Headline: GStack respects your time.

What ships:

  • Scope assessment (TINY/SMALL/MEDIUM/LARGE) in /review, /ship, /autoplan
  • Ceremony skipping based on diff size and scope category
  • File-based todo lifecycle (/triage for interactive approval, /resolve for batch resolution via parallel agents)

Release 4: "/autoship — One Command, Full Feature" (v0.17)

Headline: Describe a feature. Approve the plan. Everything else is automatic.

What ships:

  • /autoship autonomous pipeline: office-hours → autoplan → build → review → qa → ship → learn. 7 phases, 1 approval gate (the plan).
  • /ideate brainstorming skill (parallel divergent agents + adversarial filtering)
  • Research agents in /plan-eng-review (codebase analyst, history analyst, best practices researcher, learnings researcher)
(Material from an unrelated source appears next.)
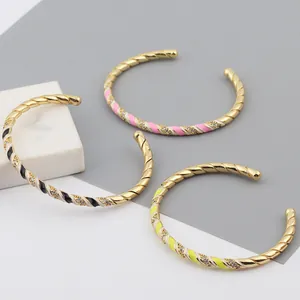 Detailed view of twisted gold-plated bangles with colorful enamel and zircon stones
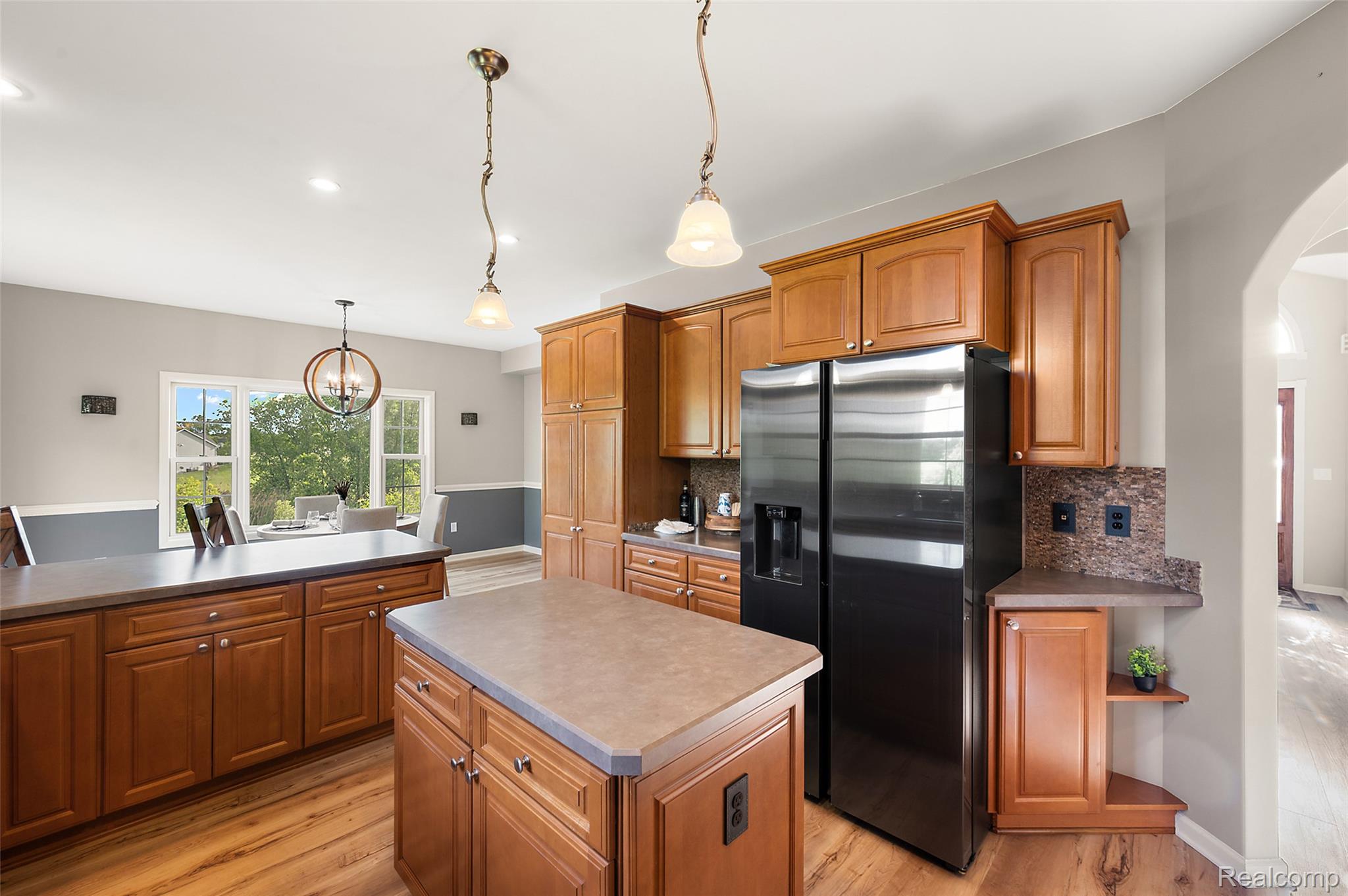 5035 Hidden Ridge Road Metamora, MI 48455 - Photo 20 of 65 Spacious kitchen featuring wood-finish flooring, abundant cabinetry, a central island, and a stainless steel refrigerator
Release 5: "Studio" (v0.18)

Headline: The full-stack AI engineering studio.

What ships:

  • Figma design sync (pixel-matching iteration loop)
  • Feature video recording (auto-generated PR demos)
  • PR feedback resolution (parallel comment resolver)
  • Swarm orchestration (multi-worktree parallel builds)
  • /onboard (auto-generated contributor guide)
  • /triage-prs (batch PR triage for maintainers)
  • Codex build delegation (delegate implementation to Codex CLI)
  • Cross-platform portability (Copilot, Kiro, Windsurf output)

Acknowledged Inspiration

The self-learning roadmap was inspired by ideas from the Compound Engineering project by Nico Bailon. Their exploration of learnings persistence, parallel review agents, and autonomous pipelines catalyzed the design of GStack's approach. We adapted every concept to fit GStack's template system, voice, and architecture rather than porting directly.